JR西日本、特急「やくも」に新型「273系」導入 4両編成、計44両

JR西日本は、2024年春から岡山〜出雲市駅間を運行する特急「やくも」に273系特急形直流電車を投入する。

新型車両は、同社が鉄道総合技術研究所と川崎車両と共同で新たに開発・実用化した、国内初となる「車上型の制御付自然振り子方式」を採用し、乗り心地を向上させる。現在は、曲線に差し掛かった際に振り子のように列車を傾斜させる自然振り子方式を、特急「やくも」で運行している381系車両が採用している。この自然振り子方式では、曲線で発生する遠心力を利用して車両を傾斜させるため、曲線通過と車体の傾斜にタイムラグがあり、乗り心地が悪化する問題があった。
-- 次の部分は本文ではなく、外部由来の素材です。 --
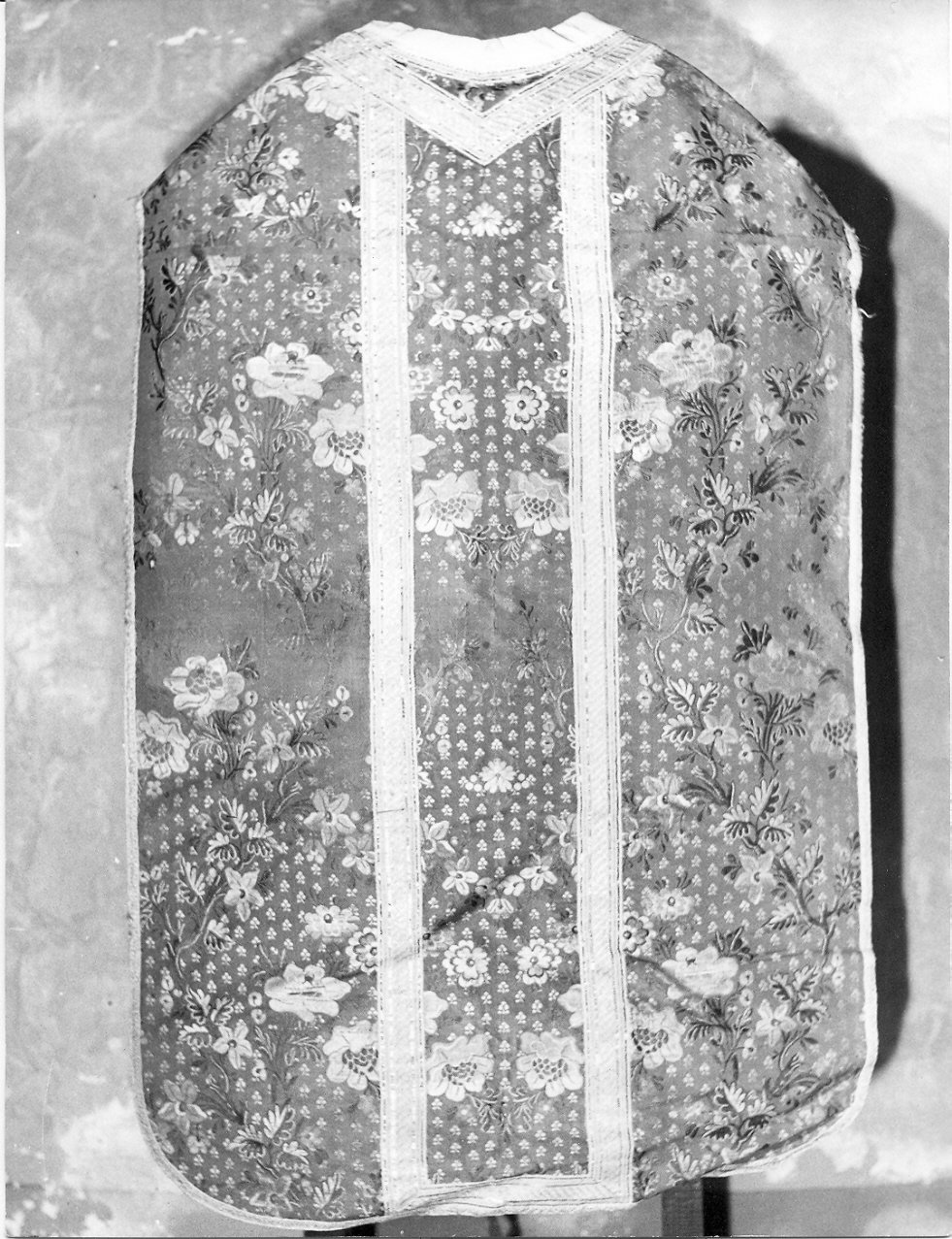 pianeta, opera isolata - manifattura Italia centrale (sec. XVIII)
鉄道各社は、乗り心地の問題を解決するため、「制御付き」自然振り子方式を採用し、曲線での車体傾斜を制御する方式を採用した。通常、制御付き自然振り子方式はATS(自動列車停止装置)などの保安装置の地上子とよばれる線路内に設置された装置から判定することが一般的であったが、新型車両は車両で検知した曲線のデータから走行位置を判定し、曲線での車体傾斜を制御する。これにより、新たに線路上に地上子を設置する必要なく、乗り心地を向上できることが期待される。
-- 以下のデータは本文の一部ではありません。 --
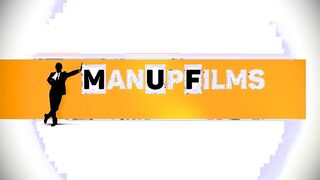 Horny Photographer Cameron Kincade Captures Hot Model Sexual Desire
また、座席間隔を拡大し、座り心地を改善した座席や空気清浄機を採用、防犯カメラの設置などで快適・安心な車内環境をつくる。また、車内Wi-Fiや大型荷物スペースを設置し、全席にコンセントを備え付ける。

投入数は、4両編成を11編成、計44両で、営業運転開始は2024年春以降を予定している。この新型273系により、特急「やくも」として運行開始から約40年が経過する381系は置き換えられる見込み。なお、詳細の仕様やデザインは検討中としている。